In 1819, Constable started his famous Six-Footer series, a collection of 6 large-scale landscapes depicting the River Stour. They are considered the defining works of his career. Here are some of John Constable’s paintings.
The White Horse
This oil-on-canvas landscape painting is the first in a series that marked a turning point in Constable’s career. It was produced in 1819 and is currently housed at the Frick Collection art museum in New York, USA.
The painting and others in the series depict a scene of the River Stour in Suffolk, England, from its south bank. It shows a white horse being ferried across the river. The surrounding landscape is of the Suffolk countryside where Constable grew up.
The painting was a huge success, earning Constable the position of Associate at the Royal Academy of Arts, London. His dear friend and Bishop of Salisbury, John Fisher, bought the painting for 100 guineas, and it is believed that the purchase gave Constable the financial security to keep painting.
This is an 1820 oil painting from Constable’s six-footer series. The success of The White Horse encouraged Constable to paint another landscape depicting the River Stour, making Stratford Mill the second installment in the series.
The painting portrays the village Stratford St. Mary in Suffolk. Stratford Mill, which the painting is named after, was a water-powered paper mill and can be seen in the left corner of the painting. There is a passenger-carrying ferry on the river, and some children with an adult can be seen fishing on the river bank.
Constable’s friend purchased the painting turned loyal patron John Fisher for 100 guineas. The masterpiece is now housed in the National Gallery in London, while its full-size oil sketch is at the Yale Center for British art, New Haven, USA.
The Hay Wain
Originally titled Landscape: Noon, this painting is arguably Constable’s most famous work and one of Britain’s greatest paintings.
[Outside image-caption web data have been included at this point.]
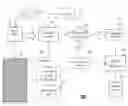 Fig. 01 - Adaptive Video Transcoding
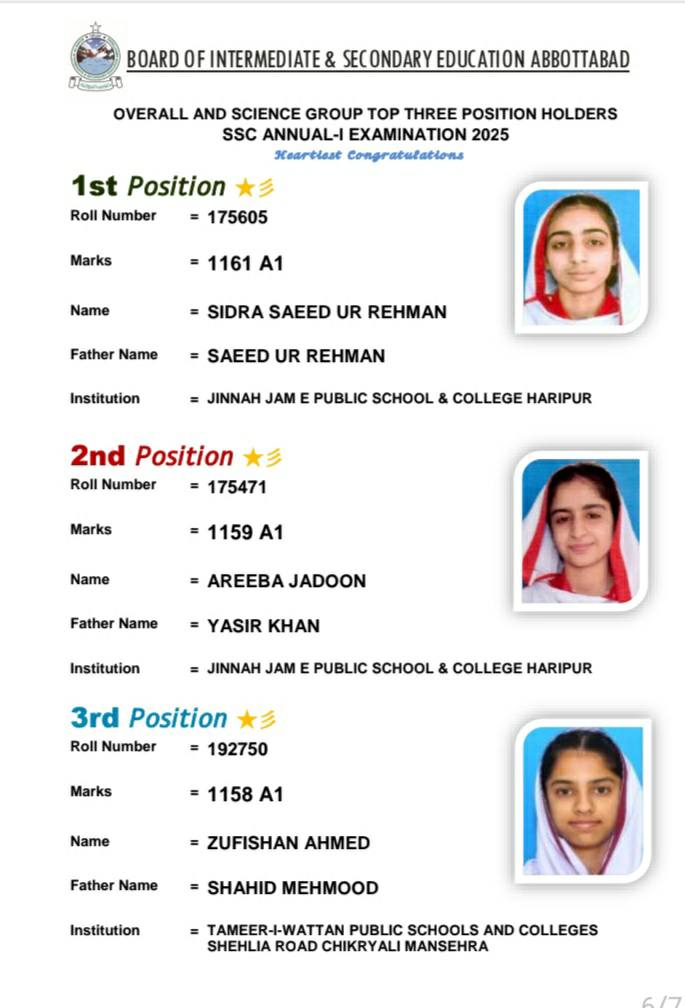 top three position holders of matric result 2025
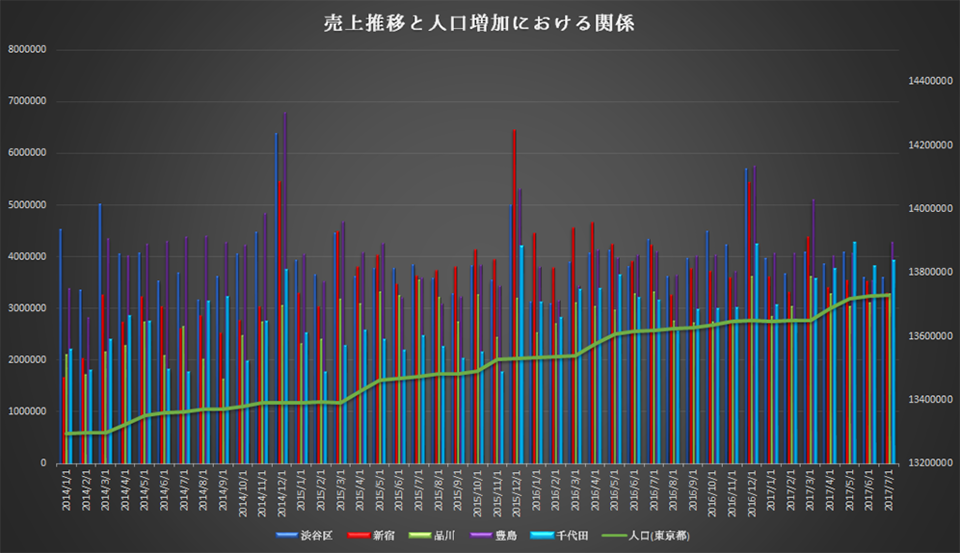 f:id:tentsu_media:20190628174416p:plain f:id:tentsu_media:20190628174416p:plain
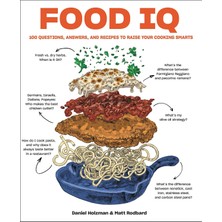 Str Store Food Iq: 100 Questions, Answers, And Recipes To Raise Your Cooking Smarts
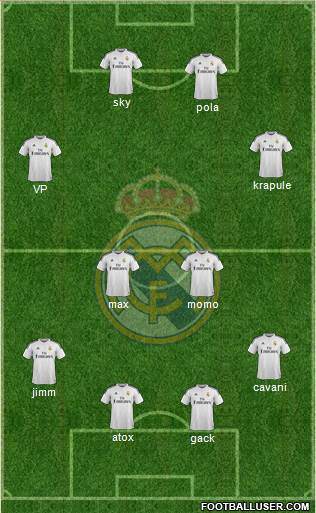 Real Madrid C.F. Formation 2015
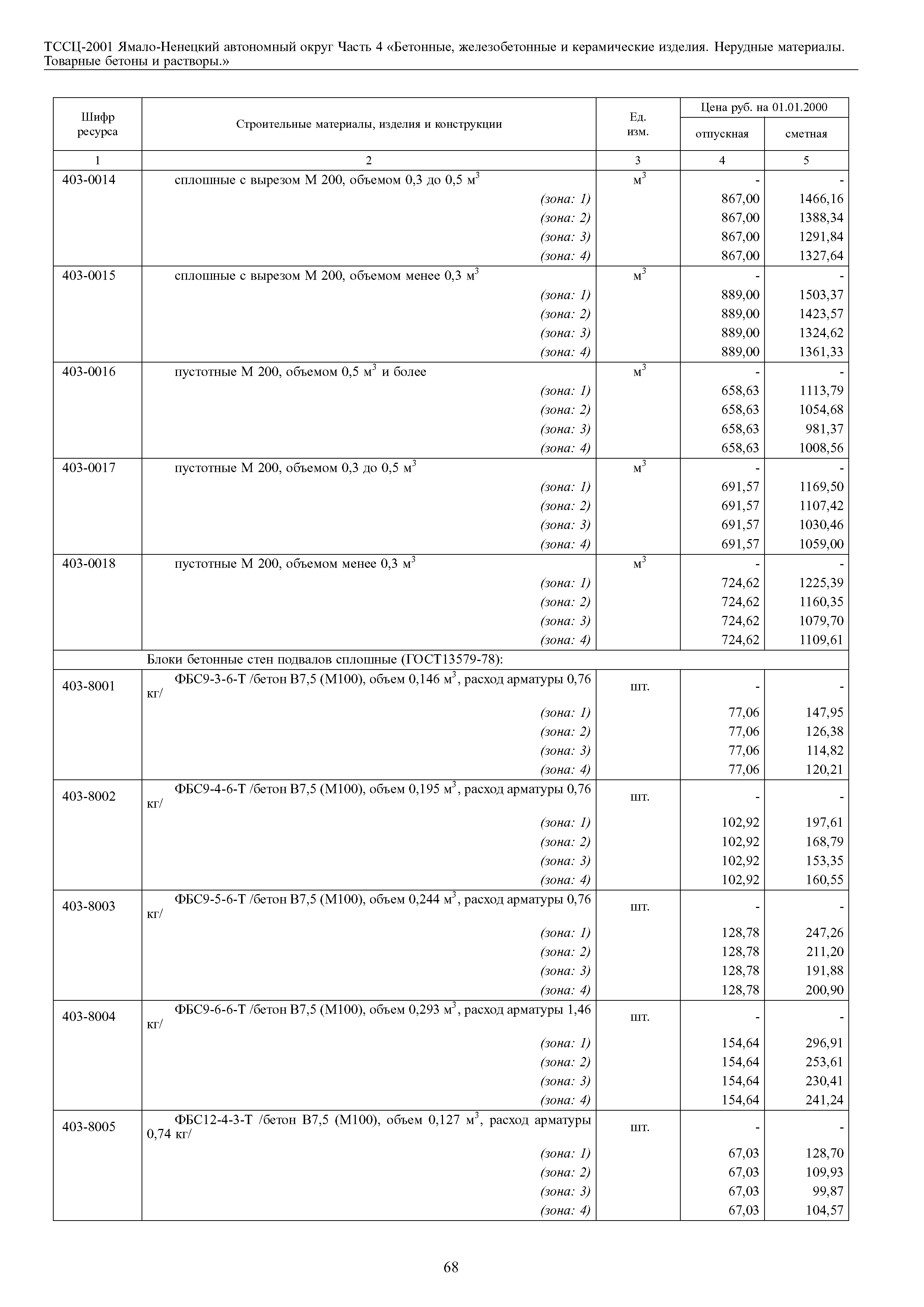 ТССЦ Ямало-Ненецкий автономный округ 04-2001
It was produced in 1821 and currently resides at the National Gallery in London, England.
The painting depicts yet another scene of the River Stour. Again, we see the river between the Suffolk and Essex counties in this particular one. Three horses pull a large wagon (wain) across the river with Willy Lot’s cottage (the subject of another of Constable’s paintings) visible on the left corner.
In 1824, the painting and some of Constable’s works were exhibited at the Paris Salon. The Hay Wain received much attention and was awarded a gold medal at the exhibition.
Also in Constable’s six-footer series is this 1824 oil painting. The painting also depicts a scene of rural Suffolk, the River Stour in particular. It was sold at a London auction in July 2012 for £22,441,250.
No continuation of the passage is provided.